Nous savons tous évidemment que l’idée de colère n’est pas l’état ressenti que j’éprouve quand je suis en colère. On se trompe quand on dit : « Les idées c’est abstrait et ça tue les ressentis ! ». L’abstraction ne consiste pas à sortir de la réalité comme on le croit quand on oppose l’idée de colère à l’état de colère.

L’abstraction, c’est l’acte de l’intelligence qui veut comprendre, expliquer ce qu’estla colère. Elle en intériorise le sens, lui donne une signification. Sinon je ne saurai jamais ce qu’elle est. Le ressenti colère postule donc une définition qui est toujours nécessairement une idée abstraite.

Développons mieux encore. Si maintenant je dis: « Tu n’as pas le droit d’être en colère contre telle ou telle personne, car tu la blesses », que fait  mon intelligence ? Elle complète la simple définition colère. Elle prononce un jugement, moral, en l’occurrence : « Tu n’as pas le droit de blesser autrui » car tu dois le respecter. Ainsi voit-on clairement le rôle de l’intelligence : elle est cette faculté humaine qui définit les êtres et les choses avec des concepts ou idées abstraites pour comprendre et juger l’enjeu d’une réalité : la colère peut blesser ! Je dois respecter autrui. On voit bien par cet exemple que le respect d’autrui est une notion morale abstraite. L’abstraction bien comprise n’est donc pas, comme on le croit souvent, un éloignement du réel, elle est la faculté qui dévoile, qui révèle le dedans du réel.

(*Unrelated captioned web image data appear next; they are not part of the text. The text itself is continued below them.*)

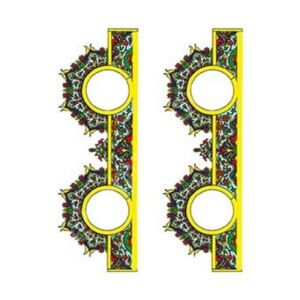 ÖD11 17x25 Özel Desen Transfer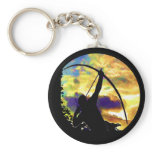Archery Longbow patjila keychains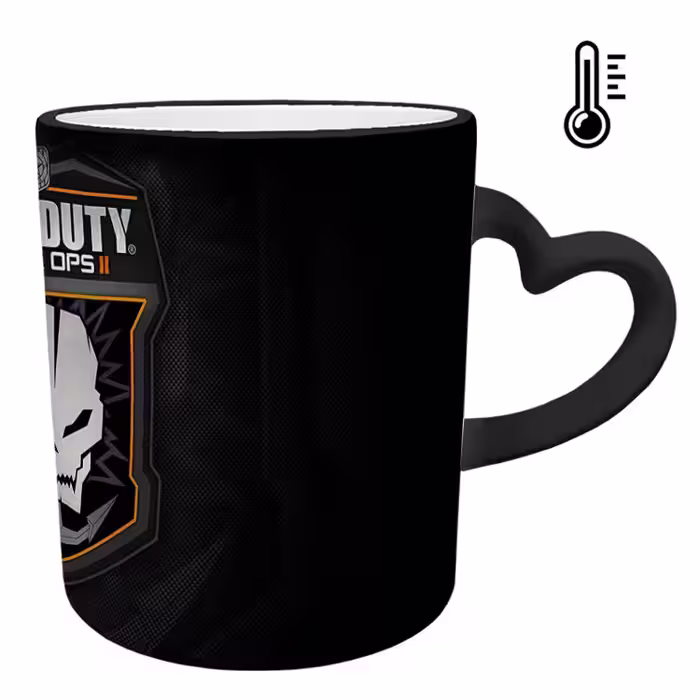 خرید ماگ-لیوان حرارتی  دسته ساده  بازی کال آف دیوتی call of duty کد 42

Quand nous lisons un livre ou le journal du jour par exemple, que faisons-nous ? Notre intelligence doit nécessairement relier les mots d’une phrase pour en comprendre le sens. Sans quoi nous ne comprendrons rien à ce texte. Nous ne cessons, quand nous lisons un roman, de faire des liaisons de mots et de phrases. Ces liaisons sont abstraites. Les 26 lettres de notre alphabet qui composent mots et phrases sont des signes abstraits inventés par notre intelligence pour composer ces mots et ces phrases sans lesquels nous ne pourrions pas nous représenter, imaginer le monde du roman, ni les actions des personnages créés par l’auteur. Grâce à l’abstraction, nous produisons en fait l’univers des ressentis multiples que le roman suggère.

Que faisons-nous en somme, grâce au travail de termes abstraits ? Nous dégageons toute la richesse du réel concret ! Autrement dit, le sens et les valeurs du monde réel ne se dévoilent que par nos idées abstraites de ce même réel. Il y a là un puissant paradoxe ! C’est la raison pour laquelle nous pouvons ensuite imaginer et ressentir ce que les personnages vivent dans l’histoire racontée par l’auteur comme si c’était une réalité… même si c’est une fiction ! Ce qui nous prouve que l’abstraction finalement est la révélation d’une faculté merveilleuse : l’intelligence est le privilège de l’humain.

 

IV

Je regrette beaucoup pour ma part qu’on crée des confusions quand on veut gommer- et c’est une mode – toute différence entre l’animal et l’être humain. L’être humain est cet animal qui un jour a pu penser et pratiquer l’abstraction. Mon chat ou mon chien, si attachants soient-il, ne le peuvent pas. Et j’ajoute ceci qui est important pour ne pas créer des confusions : les animaux ne peuvent pas poser des jugements moraux. Ils sont innocents sans pouvoir distinguer le bien du mal. Allez expliquer à un chat de ne pas poursuivre ni manger des souris ou des oiseaux. C’est son instinct qui le fait agir ainsi. Il n’y a pas d’intelligence ou d’abstraction au coeur de ce comportement ! Mon chat ne pense pas ! Car il est incapable de faire de l’abstraction. C’est ainsi.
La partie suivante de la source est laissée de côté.